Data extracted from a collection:

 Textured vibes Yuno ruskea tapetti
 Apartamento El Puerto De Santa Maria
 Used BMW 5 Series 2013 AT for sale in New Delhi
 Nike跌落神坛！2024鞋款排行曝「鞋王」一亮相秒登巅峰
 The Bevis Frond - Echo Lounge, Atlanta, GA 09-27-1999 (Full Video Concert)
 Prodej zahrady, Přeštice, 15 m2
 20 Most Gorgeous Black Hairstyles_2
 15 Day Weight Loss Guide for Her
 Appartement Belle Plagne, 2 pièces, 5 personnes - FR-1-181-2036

TASK TO COMPLETE:
Write out again only the lines from the one with "Apartamento El Puerto De Santa Maria" through the last line of the records above. Keep every word as it stands.

YOUR SOLUTION:
 Apartamento El Puerto De Santa Maria
 Used BMW 5 Series 2013 AT for sale in New Delhi
 Nike跌落神坛！2024鞋款排行曝「鞋王」一亮相秒登巅峰
 The Bevis Frond - Echo Lounge, Atlanta, GA 09-27-1999 (Full Video Concert)
 Prodej zahrady, Přeštice, 15 m2
 20 Most Gorgeous Black Hairstyles_2
 15 Day Weight Loss Guide for Her
 Appartement Belle Plagne, 2 pièces, 5 personnes - FR-1-181-2036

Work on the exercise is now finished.